**AIM OF THE TASK**
Given the records underneath, please repeat exactly the lines from the line with "Porsche Design Black Puffer Jacket" through the line with "Mole -Small Giclee", passing over any picture.

**DATA FOR REVIEW**

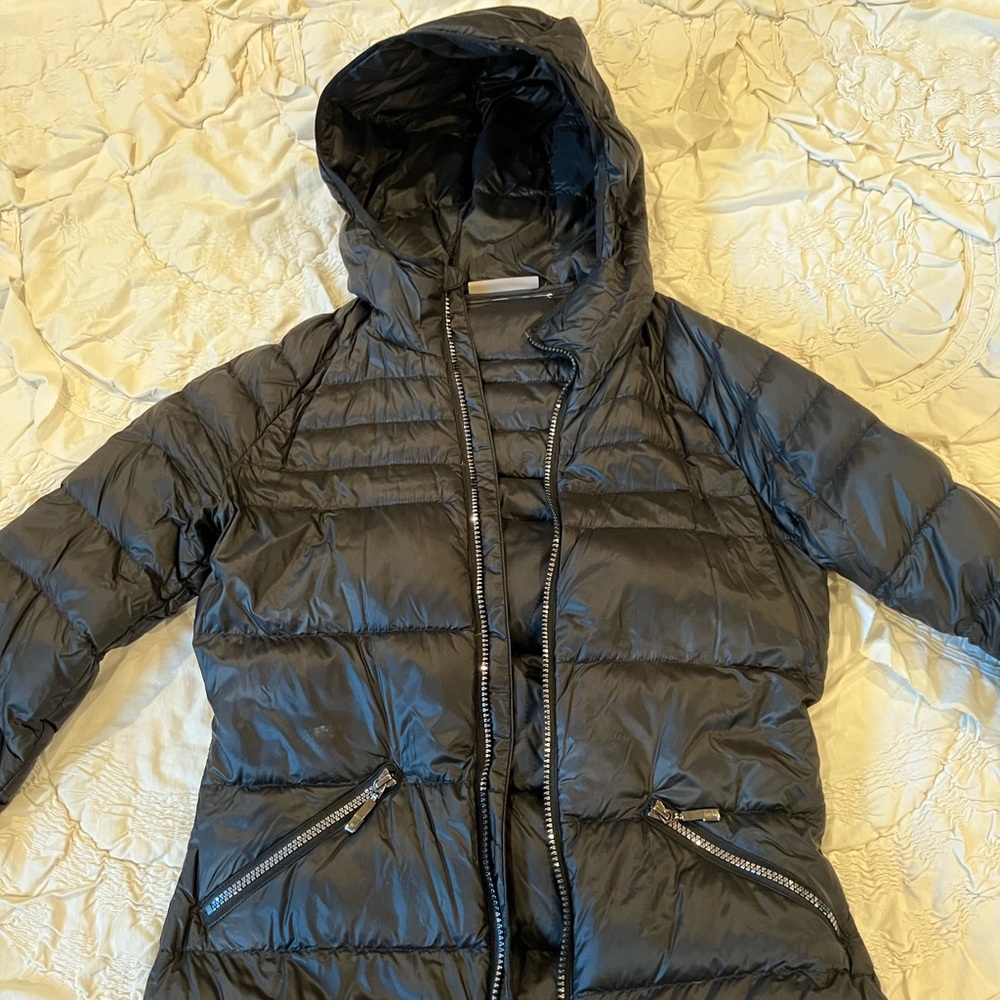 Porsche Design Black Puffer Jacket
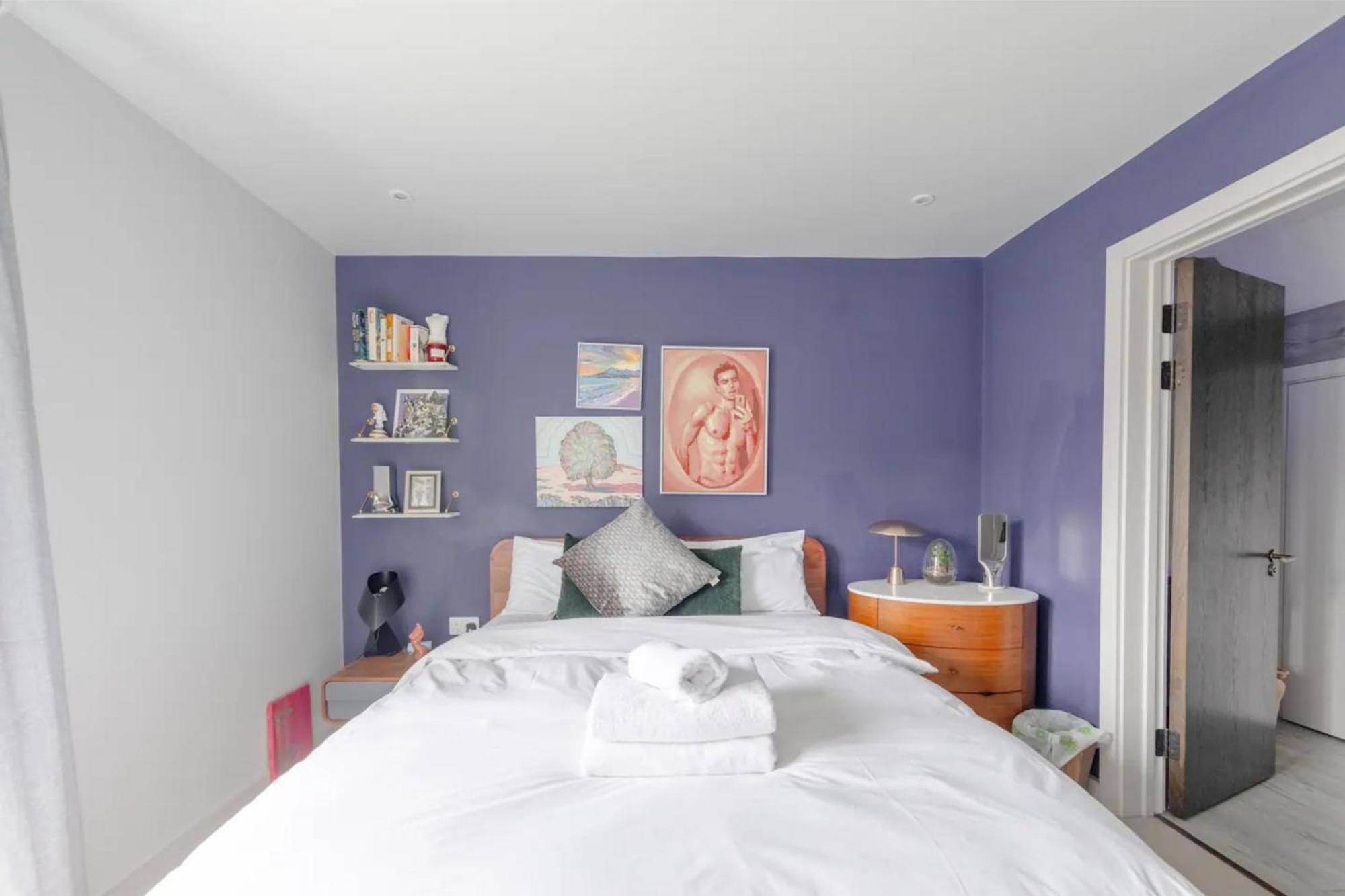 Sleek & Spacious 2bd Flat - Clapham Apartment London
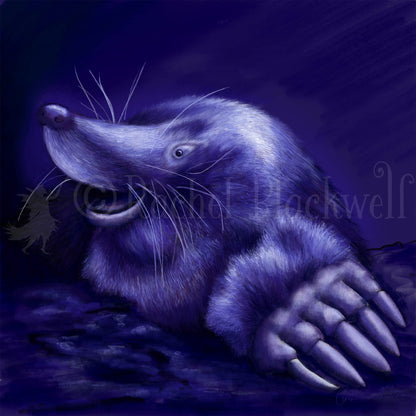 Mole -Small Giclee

---

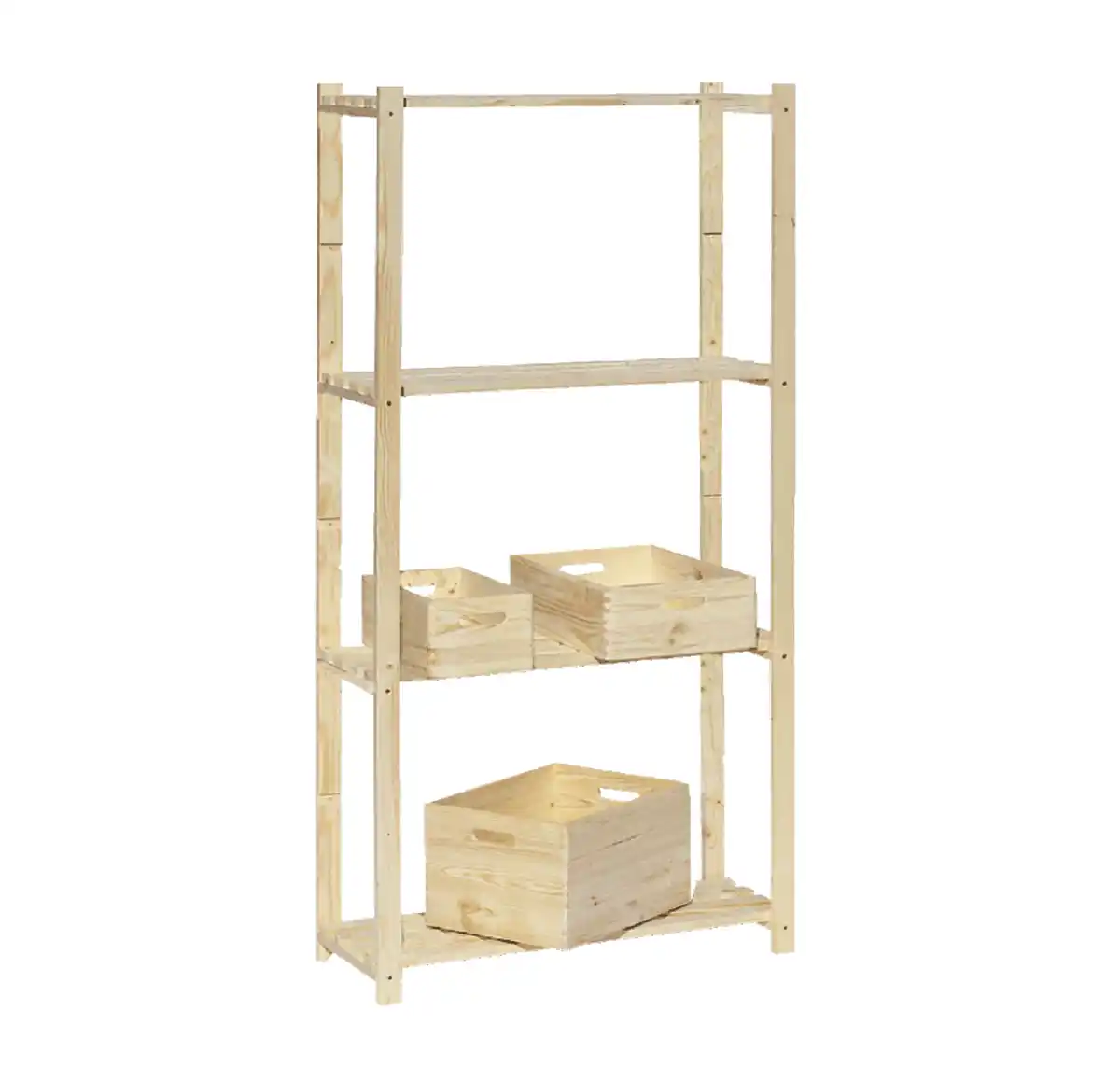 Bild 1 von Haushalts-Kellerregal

**TASK RESULT**
 Porsche Design Black Puffer Jacket
 Sleek & Spacious 2bd Flat - Clapham Apartment London
 Mole -Small Giclee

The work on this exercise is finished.